Production of tea in Kenya is undertaken by large-scale tea growers and smallholder farmers. There are over half a million smallholder tea farmers in Kenya according to the Tea Board of Kenya. Kenya’s main tea markets include, Egypt, Pakistan, the UK, Afghanistan and the UAE.
For more than a century, tea has traditionally been grown in Kenya’s central plateaus and the Rift Valley highlands. These areas include Mount Kenya, the Aberdare Ranges, Kericho, Nandi and Kisii highlands whose acidic soils and favourable climate foster healthy tea bushes.
According to the Export Promotion Council (EPC), 95% of Kenya’s tea is exported and Kenya’s tea auction based in Mombasa is the second largest in the world.
At one time, coffee was the main cash crop export followed by tea. Kenya exported more than 150,000 tonnes of coffee in the late 1980s. Last year Kenya exported 40,000 tonnes of coffee beans. A series of management blunders, poor policies and lack of commitment by government saw this once-thriving sector shrink.
Agriculture analysts say that the decline of coffee production has seriously undermined forex reserves and this has in turn had a huge impact on the economy as it was one of the key contributors to GDP.
The same woes that have affected coffee growing spilled over and brought down the once-thriving pyrethrum sector, affecting over 200,000 farmers.
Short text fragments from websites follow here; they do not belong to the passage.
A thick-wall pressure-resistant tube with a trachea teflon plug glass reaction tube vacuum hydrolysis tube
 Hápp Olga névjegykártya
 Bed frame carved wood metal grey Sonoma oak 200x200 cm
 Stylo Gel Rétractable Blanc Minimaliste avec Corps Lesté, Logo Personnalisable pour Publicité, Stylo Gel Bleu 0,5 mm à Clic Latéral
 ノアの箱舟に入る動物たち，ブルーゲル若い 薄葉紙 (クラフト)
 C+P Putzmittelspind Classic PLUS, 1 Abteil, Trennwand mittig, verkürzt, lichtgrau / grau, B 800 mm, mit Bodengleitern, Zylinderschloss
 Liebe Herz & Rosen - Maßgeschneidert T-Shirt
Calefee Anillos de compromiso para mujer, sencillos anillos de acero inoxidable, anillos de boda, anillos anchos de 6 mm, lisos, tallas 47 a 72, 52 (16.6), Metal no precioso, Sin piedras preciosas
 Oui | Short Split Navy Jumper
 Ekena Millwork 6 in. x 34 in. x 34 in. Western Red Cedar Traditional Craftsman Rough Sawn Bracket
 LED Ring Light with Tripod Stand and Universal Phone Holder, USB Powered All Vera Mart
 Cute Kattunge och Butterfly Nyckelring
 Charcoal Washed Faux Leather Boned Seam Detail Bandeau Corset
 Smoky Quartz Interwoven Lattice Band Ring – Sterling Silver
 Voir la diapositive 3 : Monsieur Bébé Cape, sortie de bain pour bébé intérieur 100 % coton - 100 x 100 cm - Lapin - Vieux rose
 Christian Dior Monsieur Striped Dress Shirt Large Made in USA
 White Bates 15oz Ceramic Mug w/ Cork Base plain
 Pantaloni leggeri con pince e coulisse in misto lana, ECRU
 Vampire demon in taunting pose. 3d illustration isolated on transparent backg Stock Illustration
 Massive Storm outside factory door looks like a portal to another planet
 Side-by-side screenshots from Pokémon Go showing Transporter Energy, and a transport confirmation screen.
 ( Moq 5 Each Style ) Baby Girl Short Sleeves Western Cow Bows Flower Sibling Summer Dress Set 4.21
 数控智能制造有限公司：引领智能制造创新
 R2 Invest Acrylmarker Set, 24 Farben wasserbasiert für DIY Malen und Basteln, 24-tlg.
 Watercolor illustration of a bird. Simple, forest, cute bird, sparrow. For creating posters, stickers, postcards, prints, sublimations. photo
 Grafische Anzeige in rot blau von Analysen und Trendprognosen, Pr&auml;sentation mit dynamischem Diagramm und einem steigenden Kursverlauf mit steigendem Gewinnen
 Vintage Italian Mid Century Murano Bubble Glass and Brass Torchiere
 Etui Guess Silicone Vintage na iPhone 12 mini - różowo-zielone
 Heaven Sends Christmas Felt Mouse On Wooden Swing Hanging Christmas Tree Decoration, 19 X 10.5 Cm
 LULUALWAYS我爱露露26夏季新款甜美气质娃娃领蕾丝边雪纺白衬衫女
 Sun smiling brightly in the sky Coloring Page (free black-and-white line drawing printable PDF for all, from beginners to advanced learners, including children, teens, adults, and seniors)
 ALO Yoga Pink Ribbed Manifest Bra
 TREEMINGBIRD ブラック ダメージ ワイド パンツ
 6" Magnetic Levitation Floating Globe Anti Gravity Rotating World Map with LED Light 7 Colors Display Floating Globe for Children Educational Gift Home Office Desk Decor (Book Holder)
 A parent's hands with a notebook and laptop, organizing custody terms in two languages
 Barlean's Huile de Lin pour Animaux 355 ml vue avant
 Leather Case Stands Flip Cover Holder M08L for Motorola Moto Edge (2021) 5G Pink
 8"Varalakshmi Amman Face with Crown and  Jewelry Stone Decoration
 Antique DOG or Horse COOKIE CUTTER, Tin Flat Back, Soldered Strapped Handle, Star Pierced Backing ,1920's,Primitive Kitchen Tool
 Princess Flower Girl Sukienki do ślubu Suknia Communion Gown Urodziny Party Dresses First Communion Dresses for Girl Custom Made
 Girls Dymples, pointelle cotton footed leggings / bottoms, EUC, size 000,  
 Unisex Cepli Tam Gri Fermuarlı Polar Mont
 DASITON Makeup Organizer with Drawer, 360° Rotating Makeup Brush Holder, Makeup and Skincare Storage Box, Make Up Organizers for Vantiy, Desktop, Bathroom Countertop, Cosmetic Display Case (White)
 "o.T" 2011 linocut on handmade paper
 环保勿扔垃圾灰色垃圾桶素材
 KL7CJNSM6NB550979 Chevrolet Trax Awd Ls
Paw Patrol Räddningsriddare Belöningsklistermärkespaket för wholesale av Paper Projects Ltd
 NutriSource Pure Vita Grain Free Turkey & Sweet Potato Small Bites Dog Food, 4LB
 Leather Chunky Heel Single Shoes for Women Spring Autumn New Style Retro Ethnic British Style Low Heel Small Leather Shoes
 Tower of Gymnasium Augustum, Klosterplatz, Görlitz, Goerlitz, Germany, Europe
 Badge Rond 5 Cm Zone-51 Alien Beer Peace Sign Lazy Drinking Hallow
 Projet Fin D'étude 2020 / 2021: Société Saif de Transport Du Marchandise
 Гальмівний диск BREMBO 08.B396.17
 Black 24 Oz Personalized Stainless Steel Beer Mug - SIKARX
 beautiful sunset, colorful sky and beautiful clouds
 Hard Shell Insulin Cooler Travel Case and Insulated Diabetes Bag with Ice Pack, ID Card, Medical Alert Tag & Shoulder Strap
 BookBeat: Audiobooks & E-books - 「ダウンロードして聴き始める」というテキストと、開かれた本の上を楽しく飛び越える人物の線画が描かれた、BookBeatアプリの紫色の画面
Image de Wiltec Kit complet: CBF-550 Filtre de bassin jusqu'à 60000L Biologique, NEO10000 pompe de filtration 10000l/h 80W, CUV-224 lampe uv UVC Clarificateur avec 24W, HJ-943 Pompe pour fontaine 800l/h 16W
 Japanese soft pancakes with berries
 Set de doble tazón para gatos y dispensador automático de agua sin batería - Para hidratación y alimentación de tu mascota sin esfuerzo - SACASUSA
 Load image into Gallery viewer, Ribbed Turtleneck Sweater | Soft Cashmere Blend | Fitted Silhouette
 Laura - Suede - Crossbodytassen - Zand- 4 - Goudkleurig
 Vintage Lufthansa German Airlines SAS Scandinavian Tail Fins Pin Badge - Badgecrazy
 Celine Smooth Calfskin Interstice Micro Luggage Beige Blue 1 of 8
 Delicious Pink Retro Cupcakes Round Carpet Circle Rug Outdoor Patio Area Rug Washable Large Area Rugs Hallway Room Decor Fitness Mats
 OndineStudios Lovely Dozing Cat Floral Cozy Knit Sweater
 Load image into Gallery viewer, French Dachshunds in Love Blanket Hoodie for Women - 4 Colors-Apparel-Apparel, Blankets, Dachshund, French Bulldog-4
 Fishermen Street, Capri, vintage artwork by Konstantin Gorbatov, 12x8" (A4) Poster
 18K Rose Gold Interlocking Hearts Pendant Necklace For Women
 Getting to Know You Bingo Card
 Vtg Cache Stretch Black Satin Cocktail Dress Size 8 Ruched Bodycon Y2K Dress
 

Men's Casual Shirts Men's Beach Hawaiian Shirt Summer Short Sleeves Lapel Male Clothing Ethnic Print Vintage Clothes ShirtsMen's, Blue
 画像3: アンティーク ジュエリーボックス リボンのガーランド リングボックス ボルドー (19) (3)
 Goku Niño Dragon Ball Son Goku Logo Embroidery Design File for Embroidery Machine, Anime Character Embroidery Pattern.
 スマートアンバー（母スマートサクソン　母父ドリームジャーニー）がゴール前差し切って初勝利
Following tea in export earnings is the flower industry, which brings in some $1bn annually. Kenya again leads the world as the largest exporter of cut flowers to the European market with a 38% market share. The main flower-growing areas are around Mt Kenya, Thika, Lake Naivasha, Nakuru, Athi River, Nyandarua, Kiambu, Kitale, Trans Nzoia, Kericho, Uasin Gishu and eastern parts of the country. The sector directly employs 90,000 people.
Food imports to be curbed
Interestingly, while Kenya has distinguished itself as an agricultural economy, only 9% of the country is arable. According to the Food and Agriculture Organisation (FAO), the 9% arable land accounts for 5.3m hectares.
Ironically, while Kenya is a major exporter of cash crops, it is a net importer of food crops, notably grains. This is principally because much of the farming in the country has largely depended on rain-fed agriculture.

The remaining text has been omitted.